Copy the records below exactly, leaving out every picture.

-- Materials provided follows --

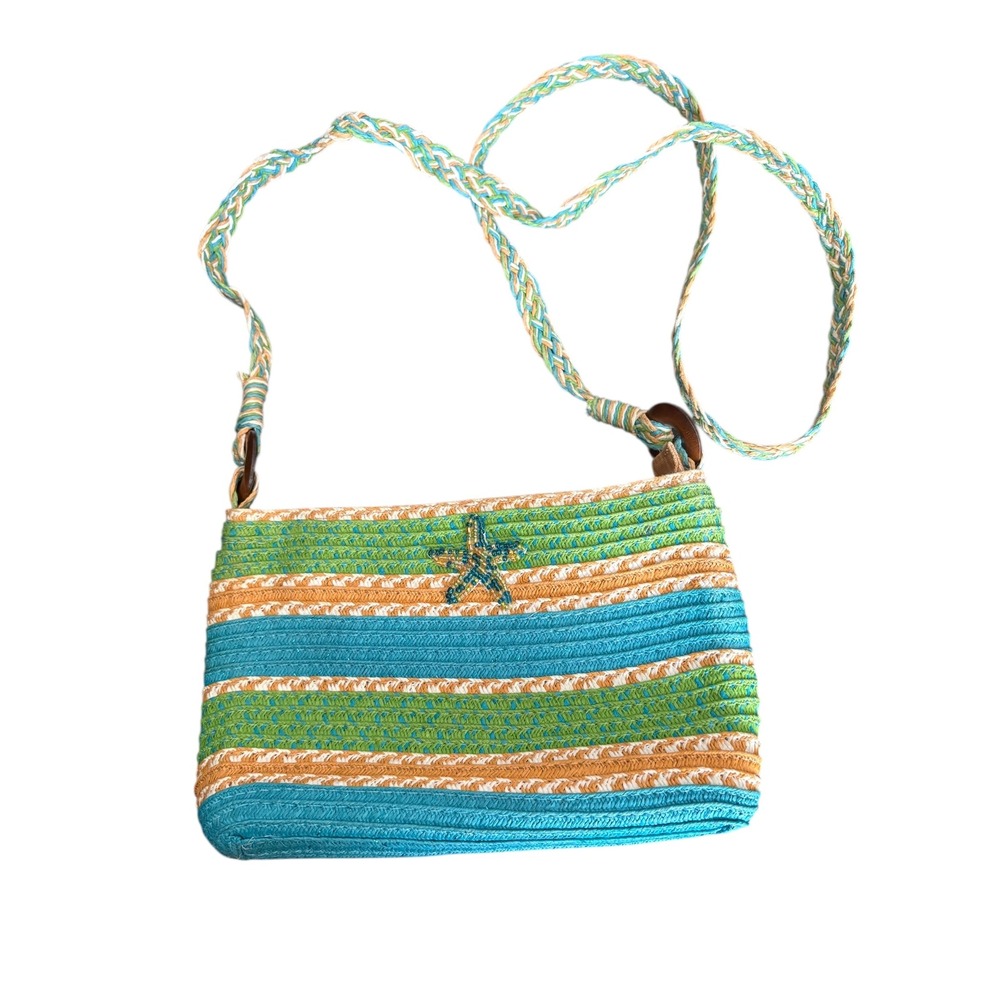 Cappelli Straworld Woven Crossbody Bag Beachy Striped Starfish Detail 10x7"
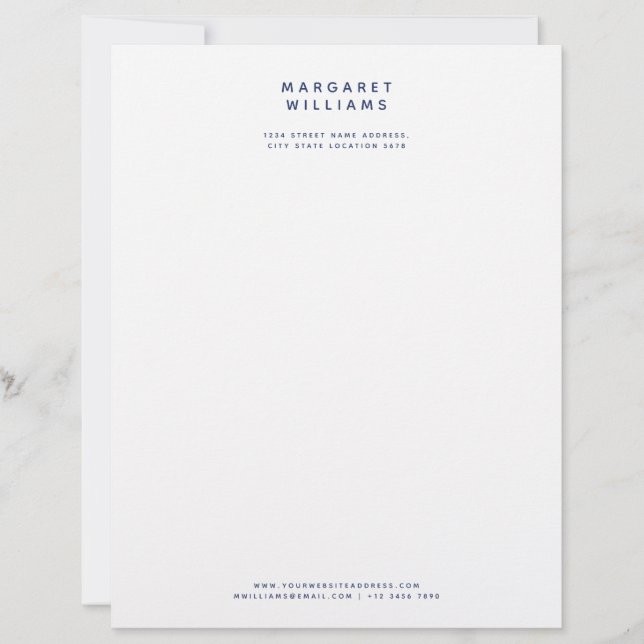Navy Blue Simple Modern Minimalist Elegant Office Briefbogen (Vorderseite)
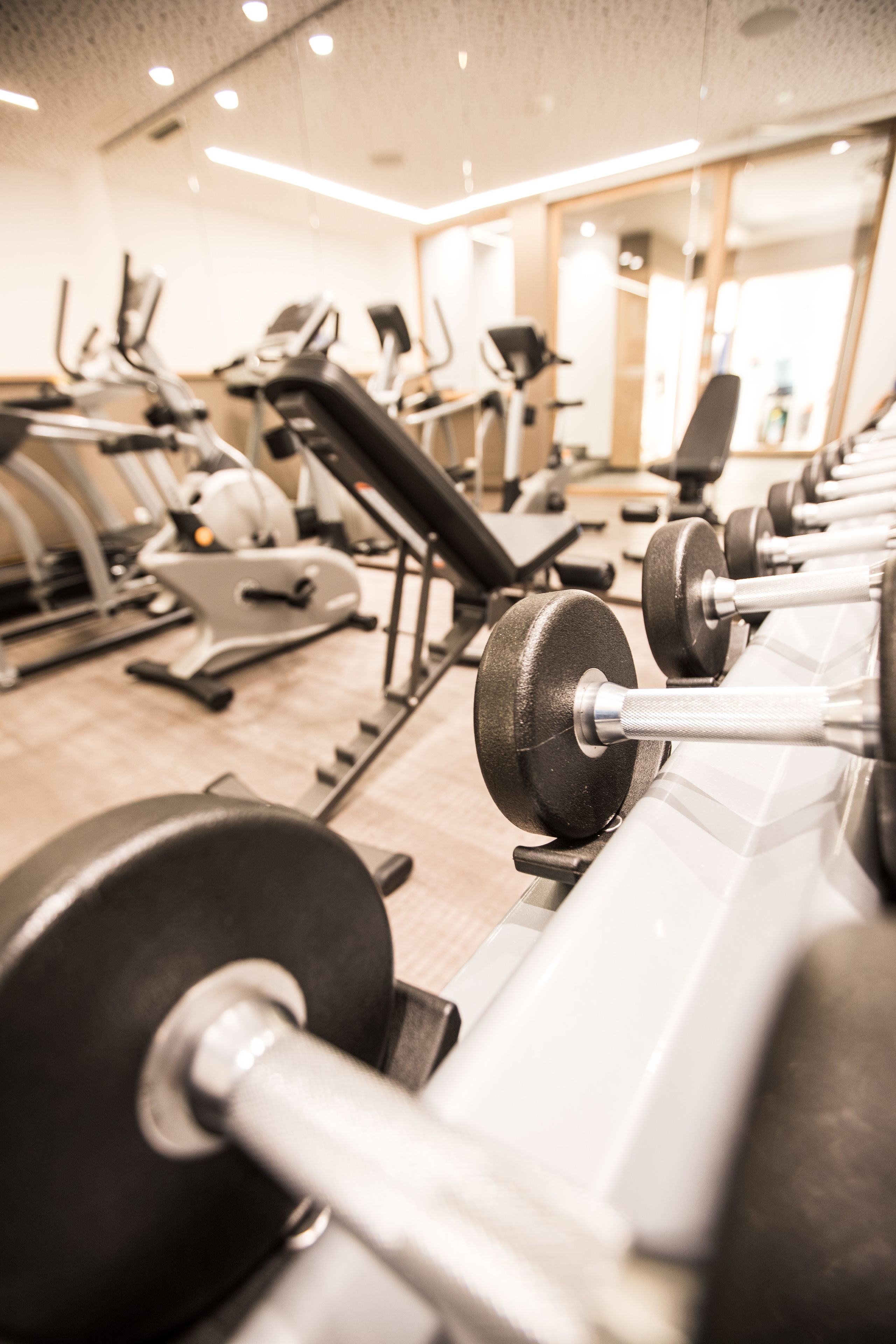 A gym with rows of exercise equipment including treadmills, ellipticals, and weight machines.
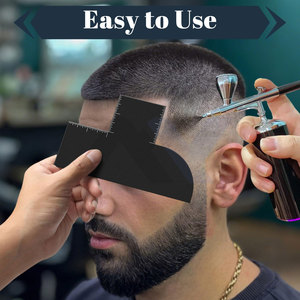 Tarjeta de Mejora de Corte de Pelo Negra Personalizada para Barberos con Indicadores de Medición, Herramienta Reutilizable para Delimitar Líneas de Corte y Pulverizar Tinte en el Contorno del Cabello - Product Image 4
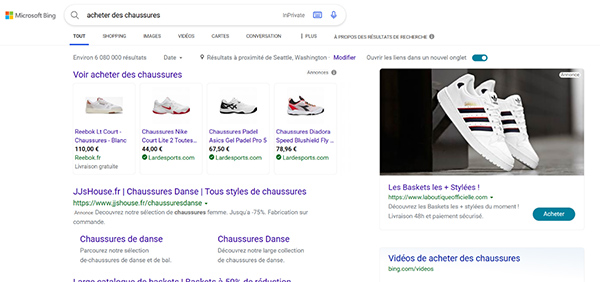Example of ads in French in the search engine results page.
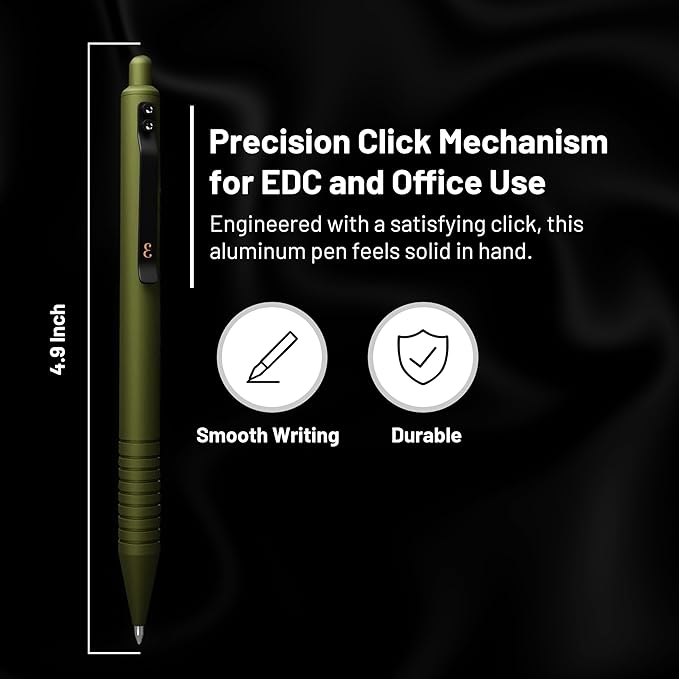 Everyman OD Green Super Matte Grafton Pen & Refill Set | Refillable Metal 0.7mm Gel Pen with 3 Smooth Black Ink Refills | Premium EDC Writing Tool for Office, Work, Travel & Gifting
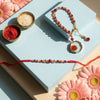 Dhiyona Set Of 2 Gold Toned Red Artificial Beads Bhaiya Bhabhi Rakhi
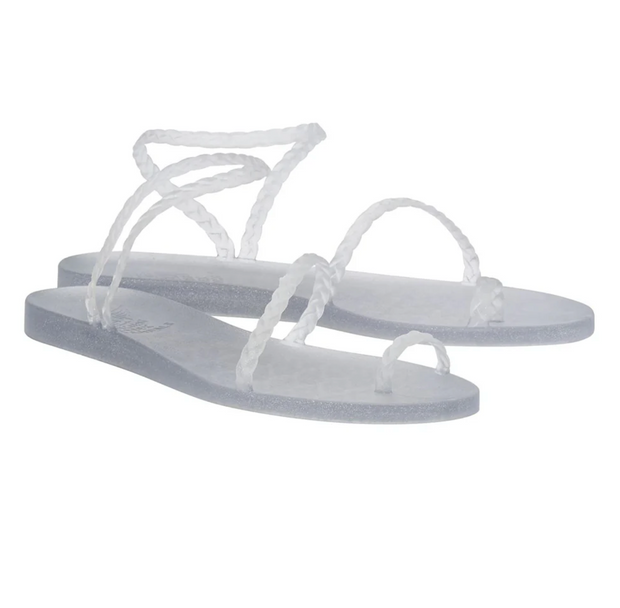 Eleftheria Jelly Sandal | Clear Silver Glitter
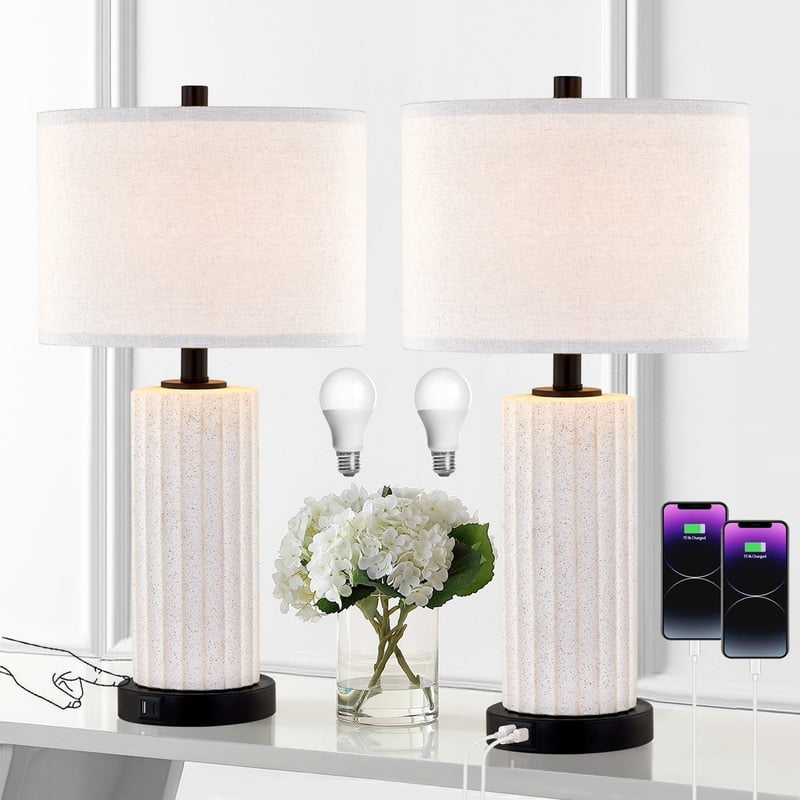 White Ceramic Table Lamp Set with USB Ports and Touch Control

-- Materials provided concluded --

● Reply to the exercise:
 Cappelli Straworld Woven Crossbody Bag Beachy Striped Starfish Detail 10x7"
Navy Blue Simple Modern Minimalist Elegant Office Briefbogen (Vorderseite)
 A gym with rows of exercise equipment including treadmills, ellipticals, and weight machines.
 Tarjeta de Mejora de Corte de Pelo Negra Personalizada para Barberos con Indicadores de Medición, Herramienta Reutilizable para Delimitar Líneas de Corte y Pulverizar Tinte en el Contorno del Cabello - Product Image 4
Example of ads in French in the search engine results page.
 Everyman OD Green Super Matte Grafton Pen & Refill Set | Refillable Metal 0.7mm Gel Pen with 3 Smooth Black Ink Refills | Premium EDC Writing Tool for Office, Work, Travel & Gifting
 Dhiyona Set Of 2 Gold Toned Red Artificial Beads Bhaiya Bhabhi Rakhi
 Eleftheria Jelly Sandal | Clear Silver Glitter
 White Ceramic Table Lamp Set with USB Ports and Touch Control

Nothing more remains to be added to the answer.